Pero la realidad es que el presidente sigue siendo un misterio inescrutable. Un hombre enigmático que nunca hace lo que dice y que no dice lo que piensa. Sus decisiones no obedecen a ninguna pauta, sólo a la lógica del mantenimiento en el poder. Como Maquiavelo, sabe que el éxito de cualquier iniciativa depende del momento.
No hay contradicción cuando afirma una cosa y hace la contraria. No hay que extrañarse que el dirigente que apeló a las bases para legitimarse haya derivado hacia un liderazgo personalista. Todos sus compromisos sólo son referencias retóricas que no le vinculan porque el arte de la política se ejerce sobre la permanente provisionalidad de la realidad.
Los hombres le son útiles en la medida que le sirven para sus necesidades. Eso explica por qué prescindió de Carmen Calvo, Ábalos, Iván Redondo, Campo o Lastra, fieles escuderos que perdieron su favor cuando no eran necesarios. Igual sucede con sus aliados.
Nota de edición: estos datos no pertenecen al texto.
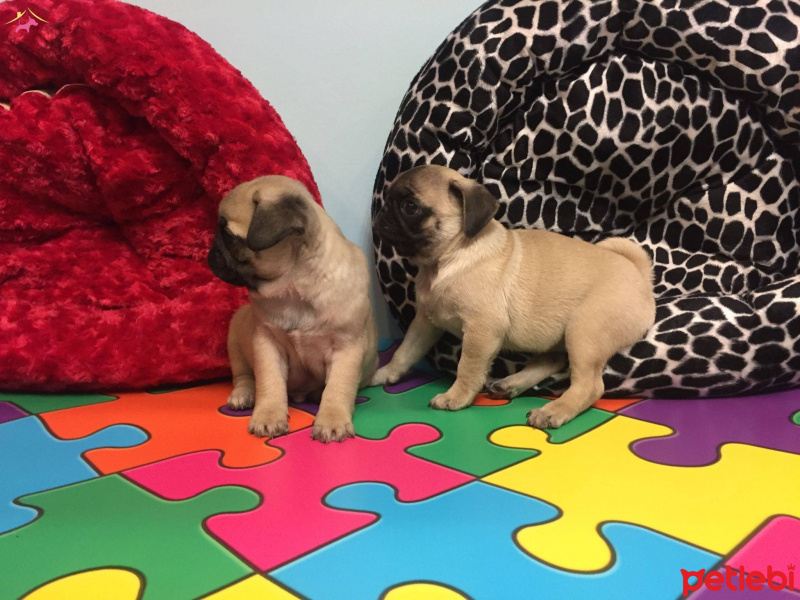 Pug, Köpek  sahiplendirme fotoğrafı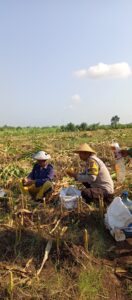 Mbminvestigasi.com | Jaga Ketahanan Pangan, Bhabinkamtibmas Dermo Aktif Dampingi Petani hingga Masa Panen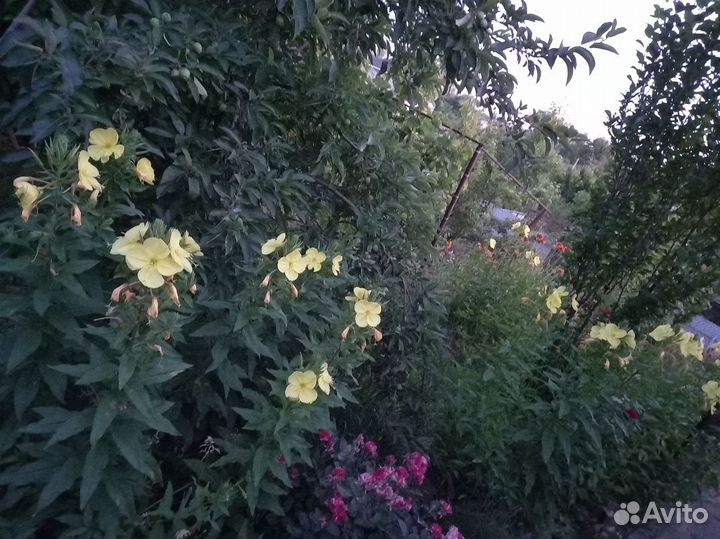 Энотера, лунник жёлтый, лунный цветок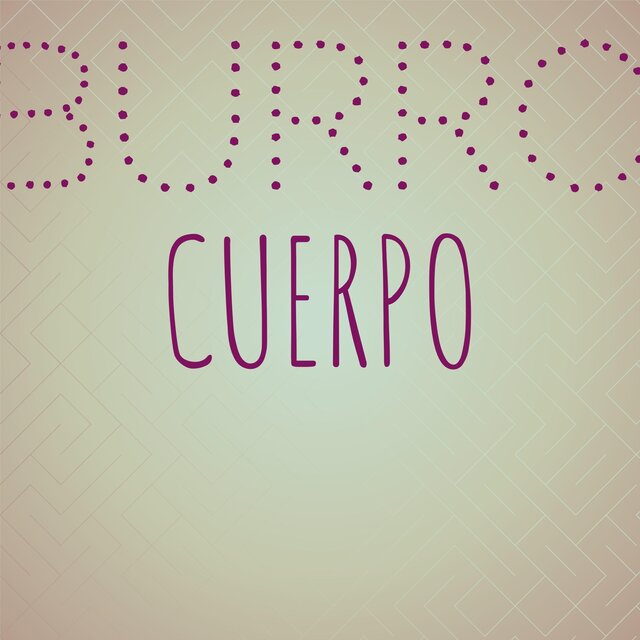 Burro Cuerpo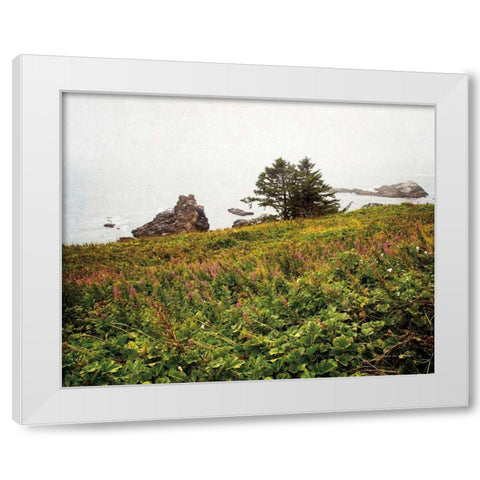 Oregon Coast White Modern Wood Framed Art Print by Van Swearingen, Debra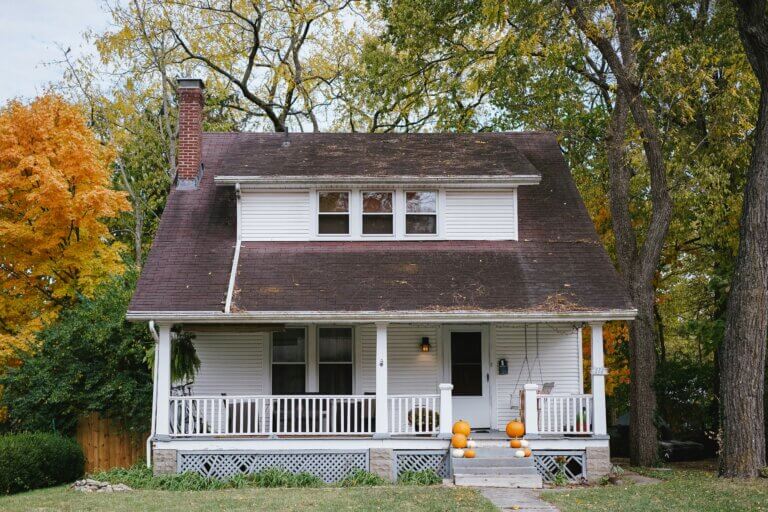 Local pest inspection NC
Seductor y a la vez implacable, nadie mejor que Sánchez oculta sus sentimientos bajo una máscara de inmutabilidad. Es imposible determinar si está triste o contento. Siempre impasible, como un buda. Frío y calculador, sabe cuándo y por qué hay que dar un paso.
Y, sobre todo, tiene una tenacidad que nunca desfallece. No tiene miedo ni se rinde ante las dificultades. Está dispuesto a jugar fuerte y no admite ningún pulso. Lo ha demostrado purgando en el partido a todos sus adversarios. Nunca olvida una afrenta.
Sánchez no debate, manda. Humillado por los barones y expulsado de Ferraz, se juró que jamás se repetiría una situación semejante. Nadie le hace sombra ni tolera la menor disidencia. Su equipo debe cumplir sus designios con obediencia ciega. No exige inteligencia ni cualificación, sólo le importa la lealtad. Y, aunque no necesita el halago, le gusta porque le reafirma en su poder.
Su vida privada es un coto celosamente guardado, al igual que la expresión de sus emociones. Sólo cuando dimitió como secretario general mostró su dolor. Fue un acto de debilidad del que se arrepintió.
No confía en nadie y nadie sabe cuáles son sus planes pese a su engañosa sensación de cercanía. Hay entre él y el mundo una distancia infranqueable. Se parapeta en los eslóganes, pero jamás muestra sus verdaderas intenciones, que hablan por los hechos y no por sus palabras.
Es listo, precavido e intuitivo. No asume ninguna deuda ni nada le ata. Es sumamente hábil en el ejercicio del poder entendido como supervivencia. Y capaz de dar un giro a los acontecimientos cuando todo parece perdido. Es un absoluto misterio.